• **PROBLEM**: Using the data that follows, return exactly the lines from the one that contains "#fightlikeasquirrel #SquirrelStrong 🐿️💪" through the one that contains "Mom and Baby Sandhill Cranes", ends included.

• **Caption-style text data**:
────────────────────

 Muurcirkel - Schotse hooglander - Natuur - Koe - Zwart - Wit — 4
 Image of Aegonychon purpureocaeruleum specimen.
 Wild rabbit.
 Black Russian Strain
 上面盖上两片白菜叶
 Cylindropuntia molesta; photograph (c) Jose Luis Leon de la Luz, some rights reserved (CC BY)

────────────────────

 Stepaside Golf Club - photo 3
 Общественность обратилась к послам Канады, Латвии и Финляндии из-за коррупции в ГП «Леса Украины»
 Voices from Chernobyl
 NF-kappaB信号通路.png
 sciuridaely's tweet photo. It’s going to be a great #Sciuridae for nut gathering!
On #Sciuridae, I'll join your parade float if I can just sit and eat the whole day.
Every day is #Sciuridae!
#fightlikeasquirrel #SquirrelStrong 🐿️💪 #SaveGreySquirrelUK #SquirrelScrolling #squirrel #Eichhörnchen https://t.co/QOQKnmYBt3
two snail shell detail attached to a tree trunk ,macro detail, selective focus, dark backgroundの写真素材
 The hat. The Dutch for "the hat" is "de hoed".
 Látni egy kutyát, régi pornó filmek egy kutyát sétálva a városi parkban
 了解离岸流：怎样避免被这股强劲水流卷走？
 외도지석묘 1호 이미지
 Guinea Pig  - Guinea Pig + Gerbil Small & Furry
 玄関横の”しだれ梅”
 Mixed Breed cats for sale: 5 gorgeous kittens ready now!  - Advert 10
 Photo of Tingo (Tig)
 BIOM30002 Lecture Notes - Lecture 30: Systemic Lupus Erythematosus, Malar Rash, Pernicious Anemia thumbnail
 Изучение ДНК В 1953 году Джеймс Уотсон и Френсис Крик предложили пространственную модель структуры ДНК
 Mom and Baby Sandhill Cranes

────────────────────

• **YOUR SOLUTION**:
#fightlikeasquirrel #SquirrelStrong 🐿️💪 #SaveGreySquirrelUK #SquirrelScrolling #squirrel #Eichhörnchen https://t.co/QOQKnmYBt3
two snail shell detail attached to a tree trunk ,macro detail, selective focus, dark backgroundの写真素材
 The hat. The Dutch for "the hat" is "de hoed".
 Látni egy kutyát, régi pornó filmek egy kutyát sétálva a városi parkban
 了解离岸流：怎样避免被这股强劲水流卷走？
 외도지석묘 1호 이미지
 Guinea Pig  - Guinea Pig + Gerbil Small & Furry
 玄関横の”しだれ梅”
 Mixed Breed cats for sale: 5 gorgeous kittens ready now!  - Advert 10
 Photo of Tingo (Tig)
 BIOM30002 Lecture Notes - Lecture 30: Systemic Lupus Erythematosus, Malar Rash, Pernicious Anemia thumbnail
 Изучение ДНК В 1953 году Джеймс Уотсон и Френсис Крик предложили пространственную модель структуры ДНК
 Mom and Baby Sandhill Cranes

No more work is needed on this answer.